The task | Omit the pictures, but give back every entry below exactly as written.

Materials provided |
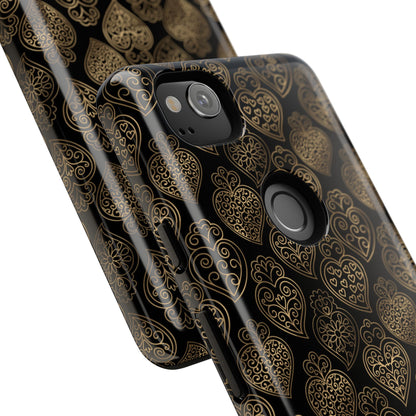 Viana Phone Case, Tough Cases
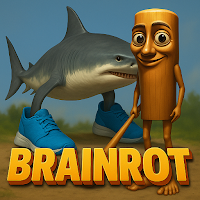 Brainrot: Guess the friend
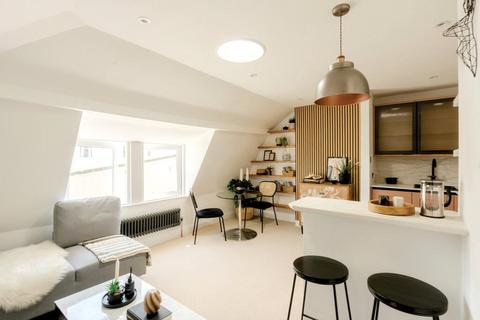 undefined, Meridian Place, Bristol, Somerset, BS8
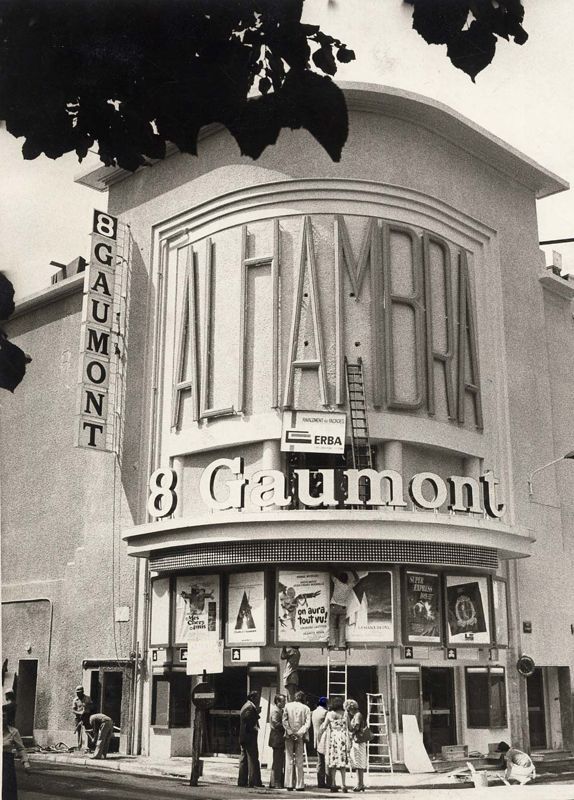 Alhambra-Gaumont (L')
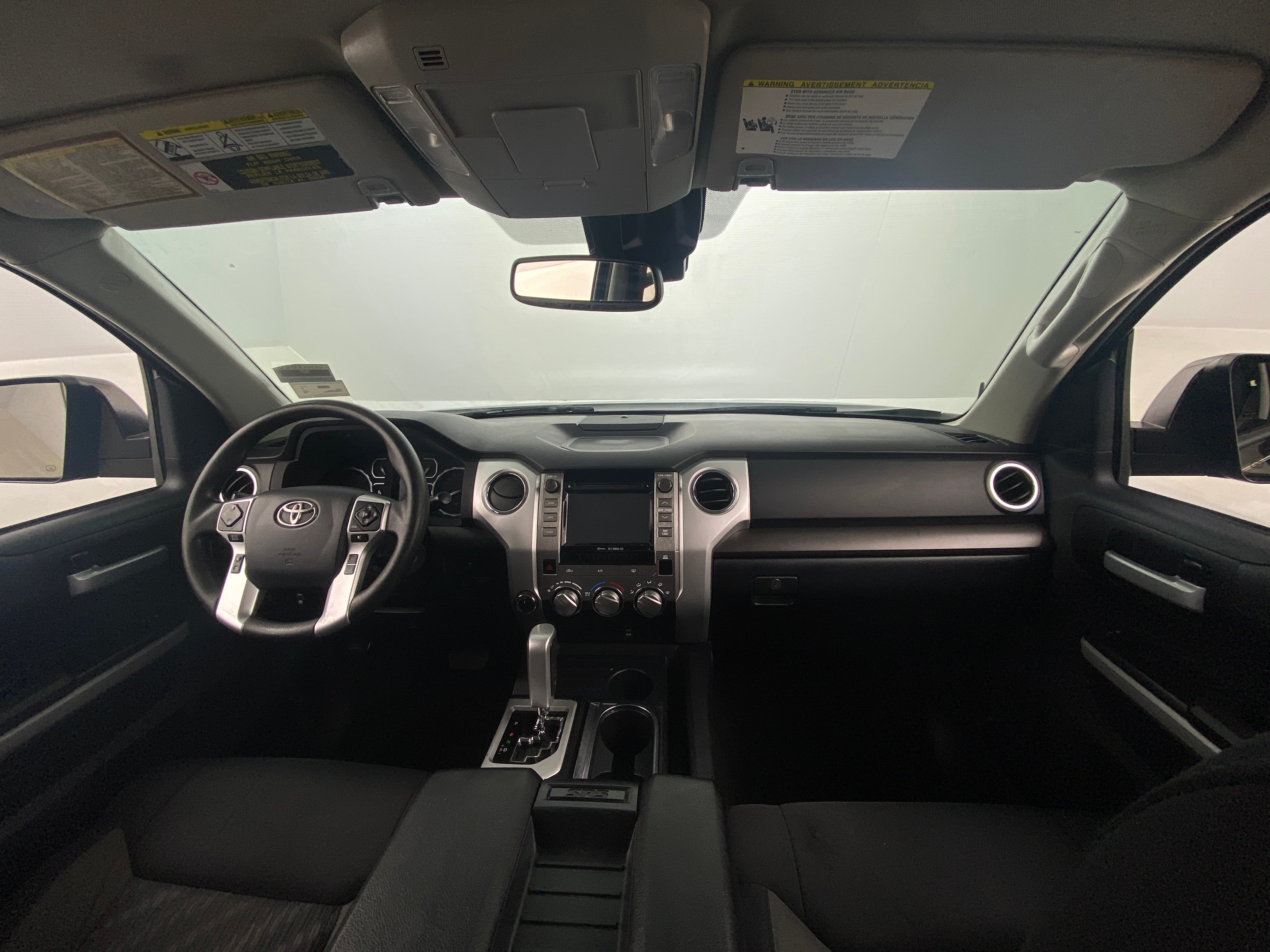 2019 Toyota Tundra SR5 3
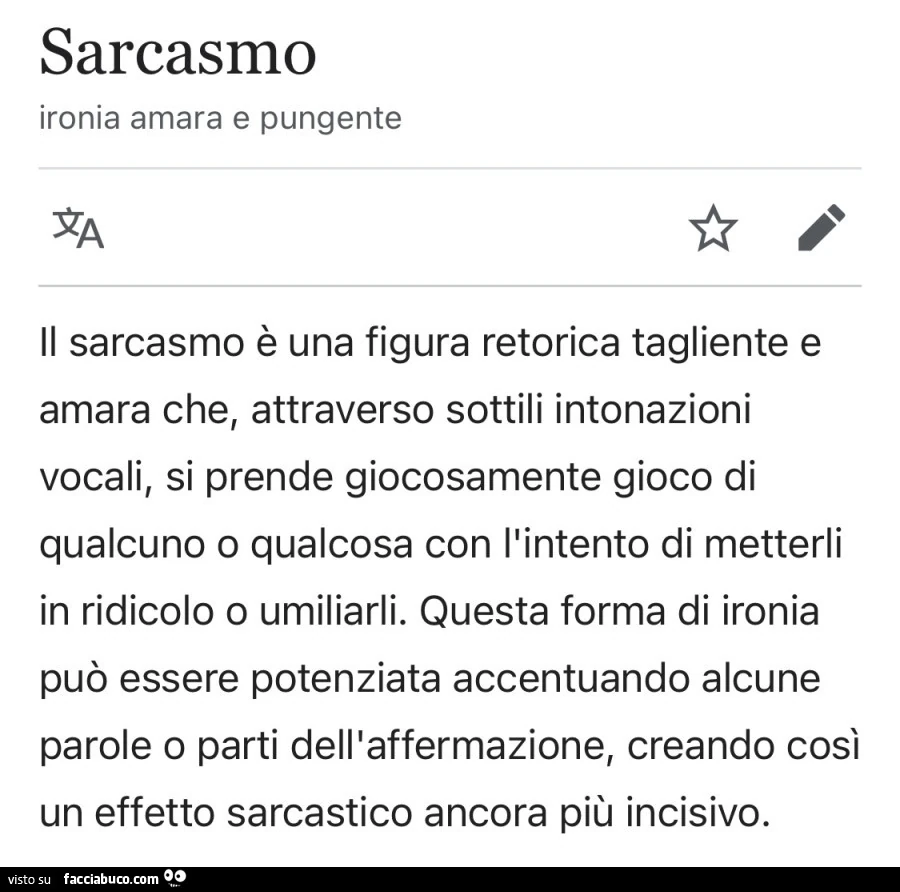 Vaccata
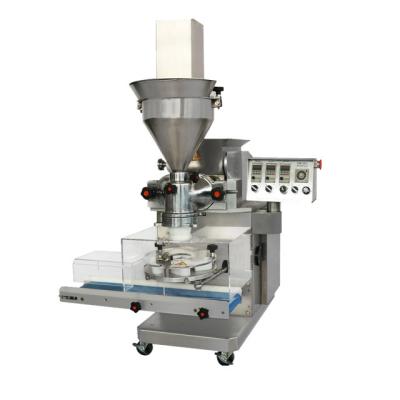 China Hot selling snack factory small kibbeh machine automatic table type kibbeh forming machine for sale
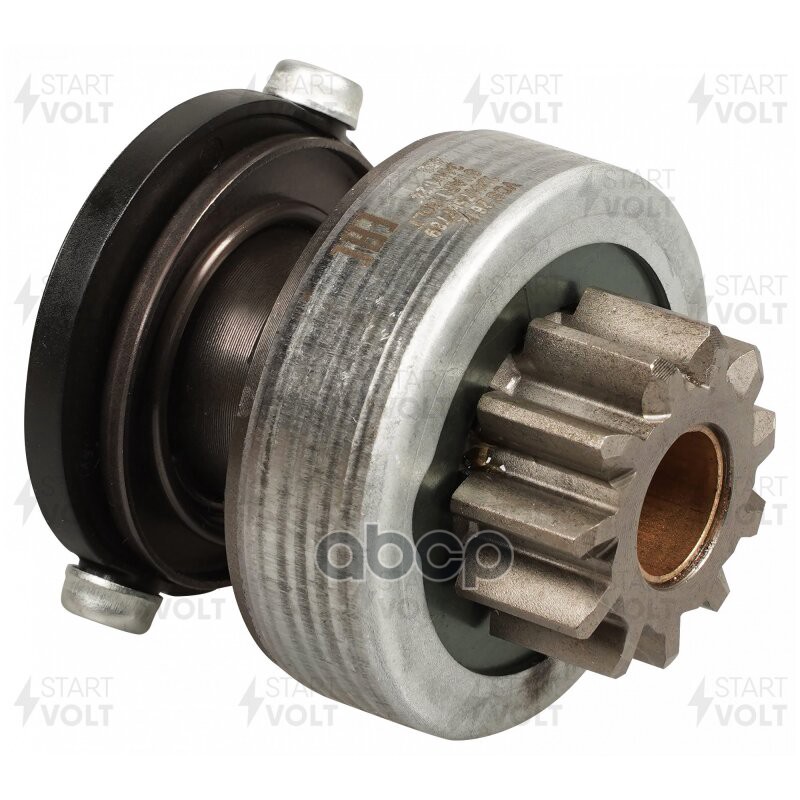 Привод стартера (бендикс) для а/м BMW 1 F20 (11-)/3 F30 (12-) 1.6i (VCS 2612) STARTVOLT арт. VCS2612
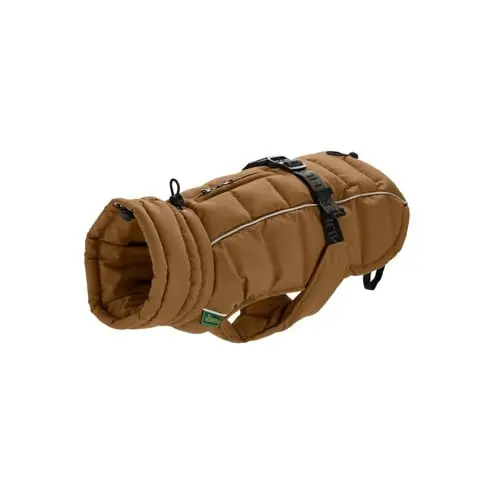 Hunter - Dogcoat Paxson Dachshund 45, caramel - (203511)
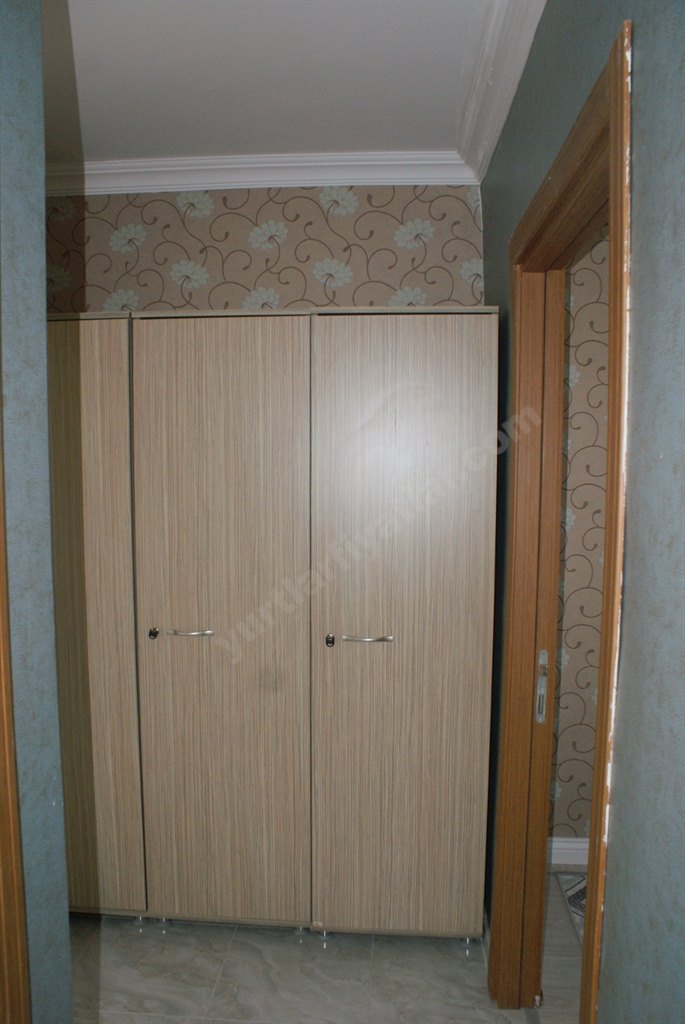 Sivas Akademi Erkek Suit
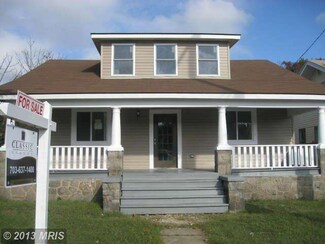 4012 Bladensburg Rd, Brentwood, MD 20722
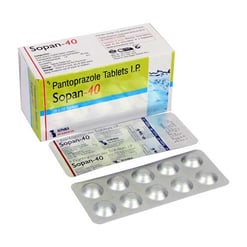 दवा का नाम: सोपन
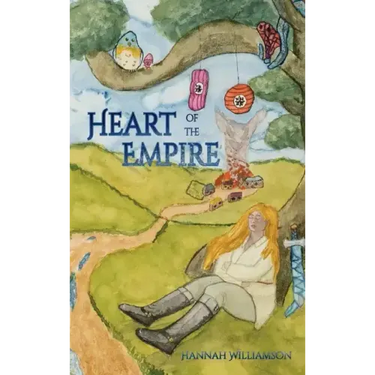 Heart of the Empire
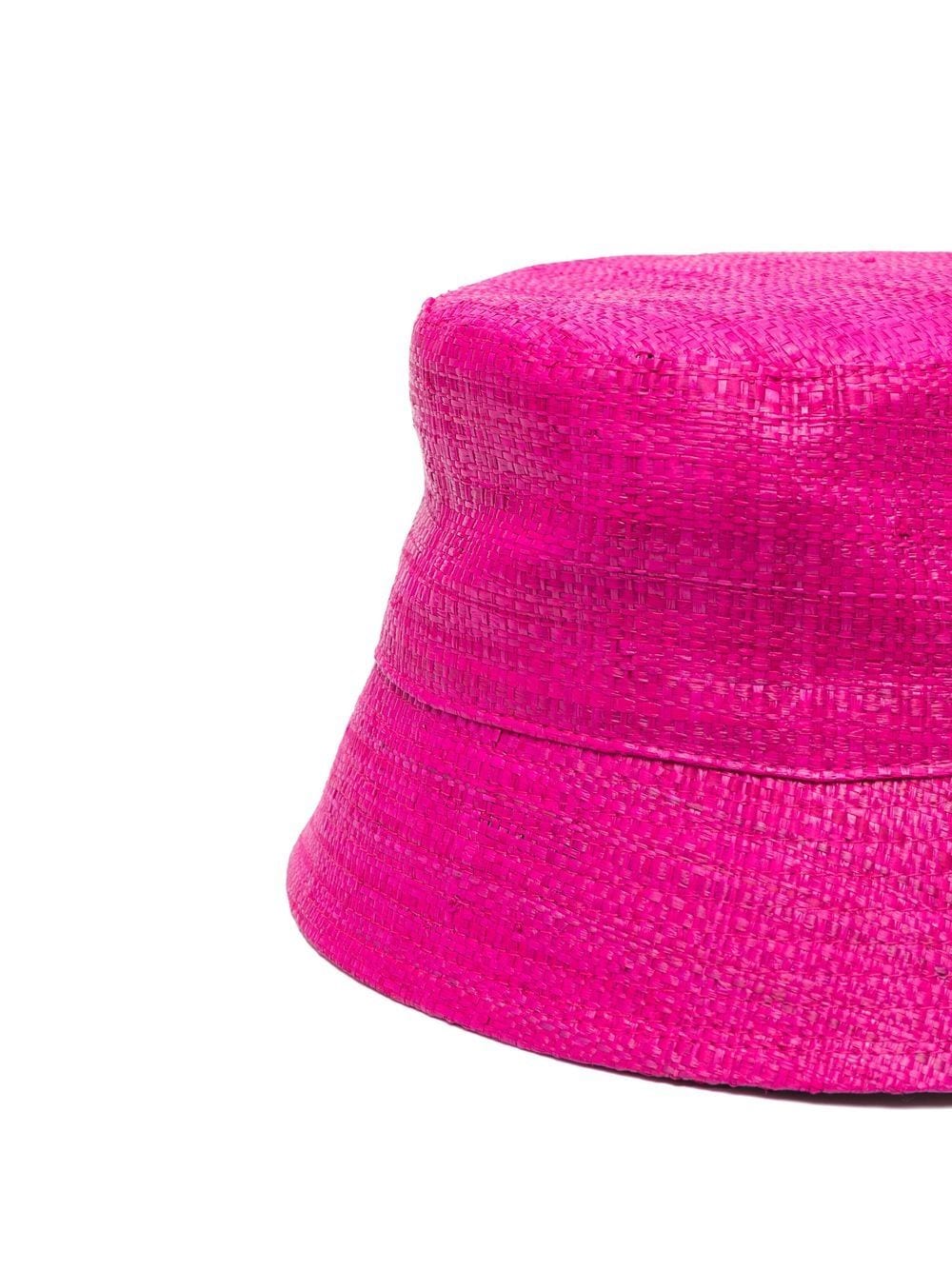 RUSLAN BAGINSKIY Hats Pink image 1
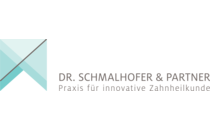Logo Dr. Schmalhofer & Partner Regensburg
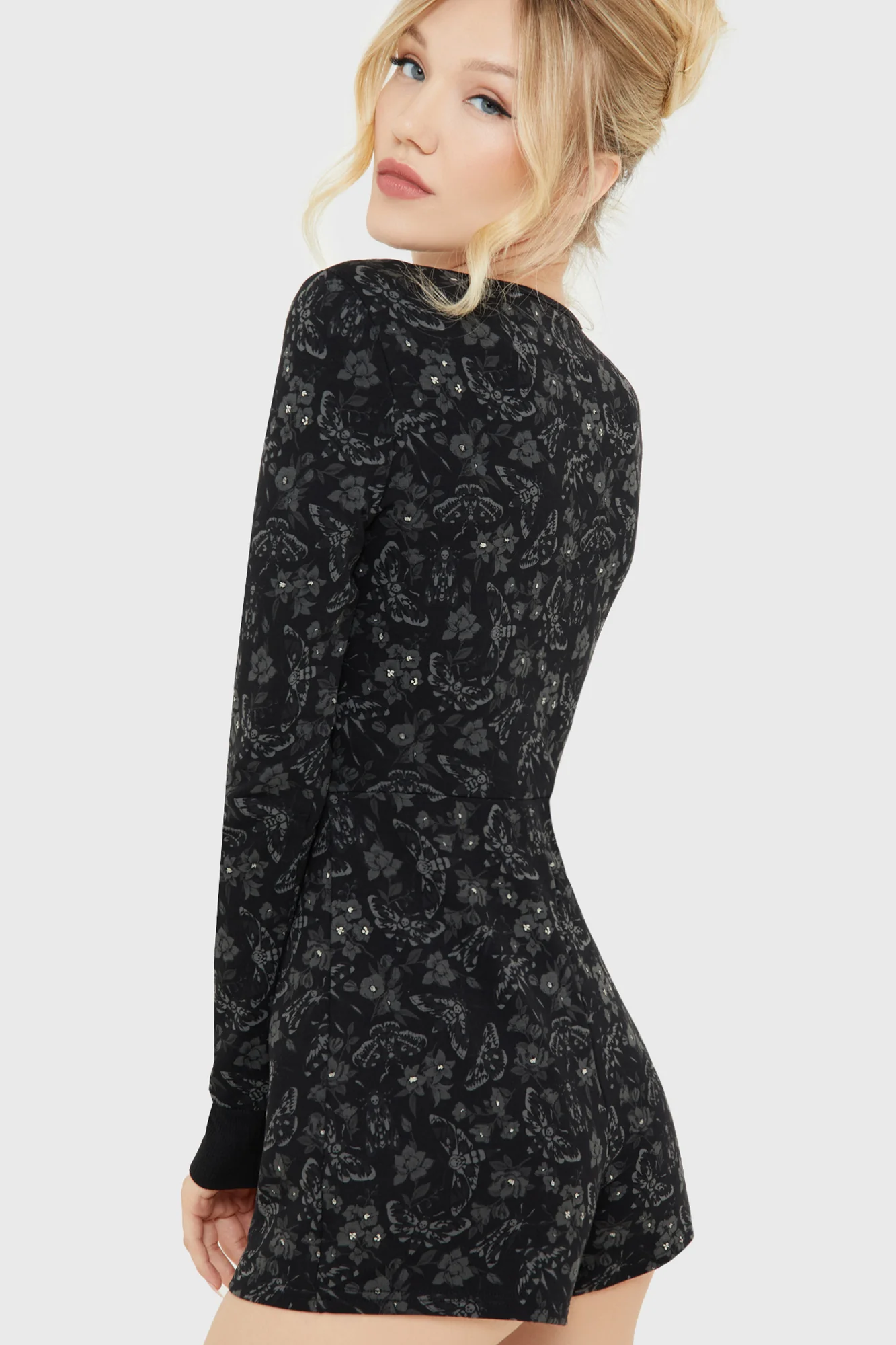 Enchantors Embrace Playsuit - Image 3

Response |
 Viana Phone Case, Tough Cases
 Brainrot: Guess the friend
 undefined, Meridian Place, Bristol, Somerset, BS8
 Alhambra-Gaumont (L')
 2019 Toyota Tundra SR5 3
 Vaccata
 China Hot selling snack factory small kibbeh machine automatic table type kibbeh forming machine for sale
 Привод стартера (бендикс) для а/м BMW 1 F20 (11-)/3 F30 (12-) 1.6i (VCS 2612) STARTVOLT арт. VCS2612
 Hunter - Dogcoat Paxson Dachshund 45, caramel - (203511)
 Sivas Akademi Erkek Suit
 4012 Bladensburg Rd, Brentwood, MD 20722
 दवा का नाम: सोपन
 Heart of the Empire
 RUSLAN BAGINSKIY Hats Pink image 1
Logo Dr. Schmalhofer & Partner Regensburg
 Enchantors Embrace Playsuit - Image 3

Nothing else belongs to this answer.